• **TASK TO CARRY OUT**
With pictures excluded, repeat exactly the lines from the one containing "Salone di bellezza a Coles County" through the last line of the material below.

• **SOURCE DATA**
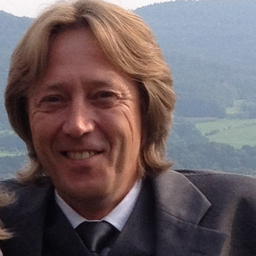 Juergen Bruestle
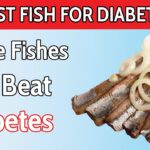 Top 7 BEST Fish Diabetics Should Eat!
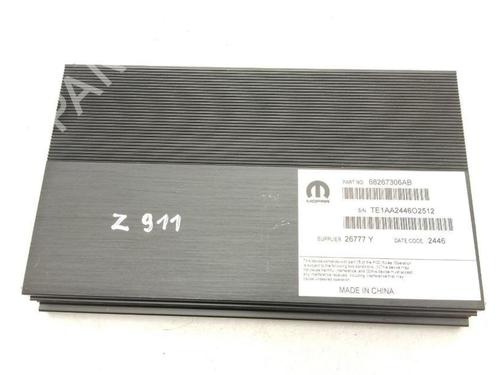 Electronic module DODGE DURANGO (WD) 5.7 | BP28918946M83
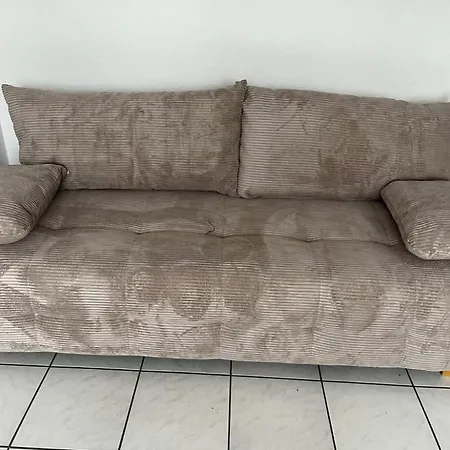 Homberg Apartamento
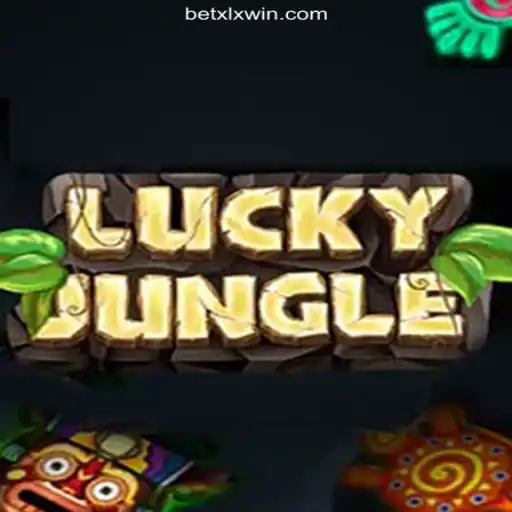 Explore the Thrills of LuckyJungle on XLXWIN.com Platform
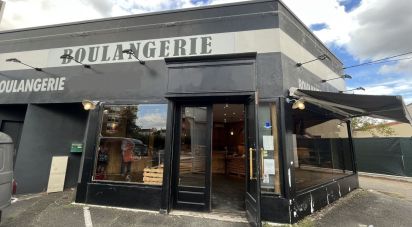 Boulangerie de 286 m² à Angoulême (16000)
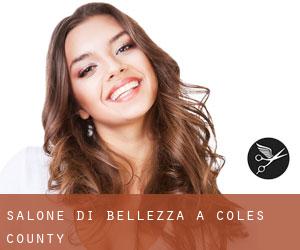 Salone di bellezza a Coles County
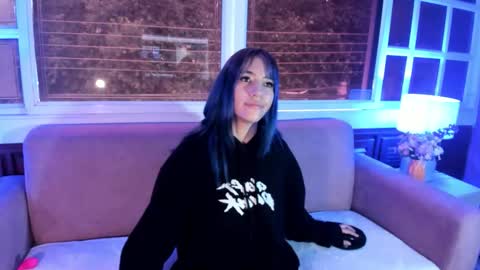 Rei Ayanami online show from January 15, 8:48 pm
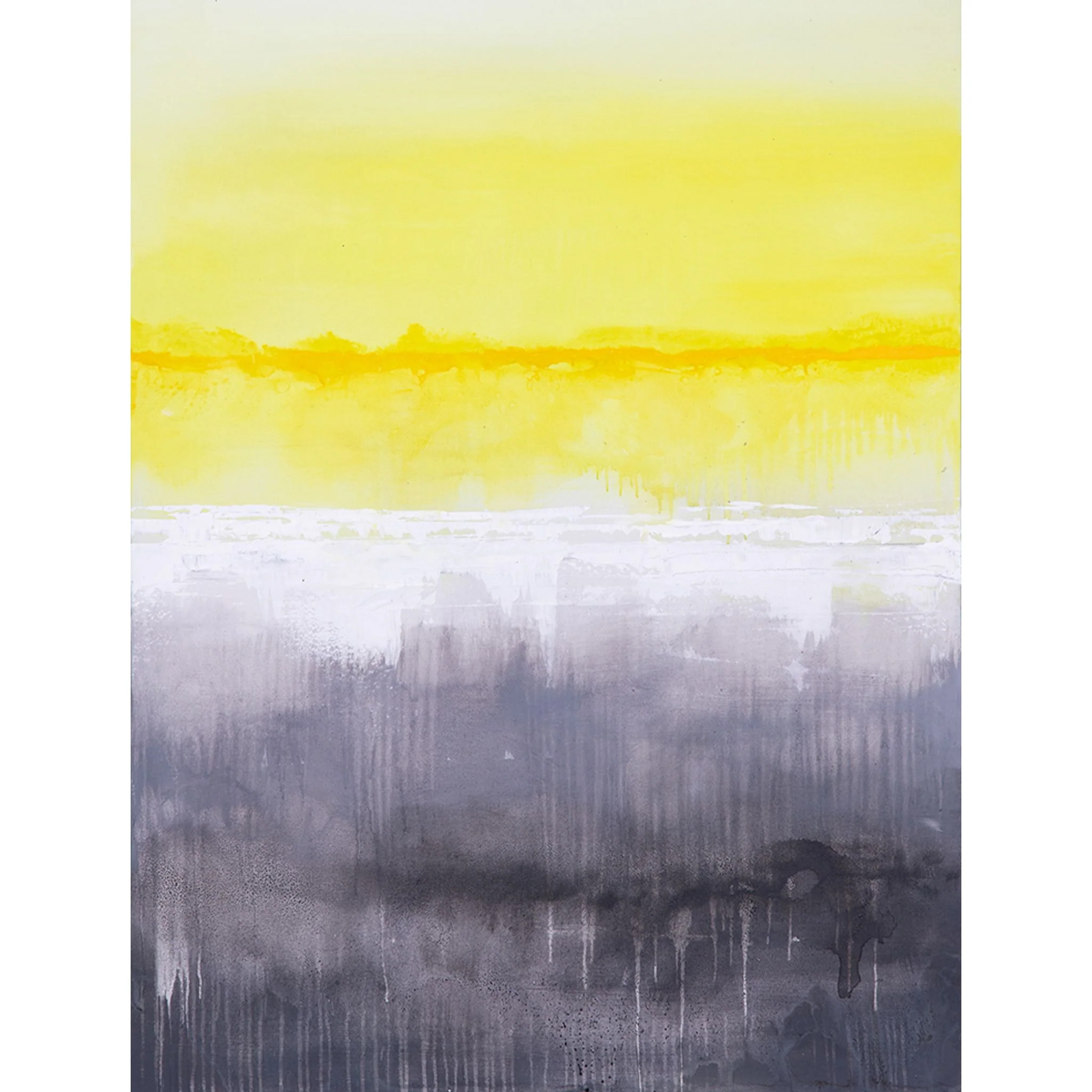 Sunshine Days Canvas 36.00" x 48.00"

• **WORKED SOLUTION**
 Salone di bellezza a Coles County
 Rei Ayanami online show from January 15, 8:48 pm
 Sunshine Days Canvas 36.00" x 48.00"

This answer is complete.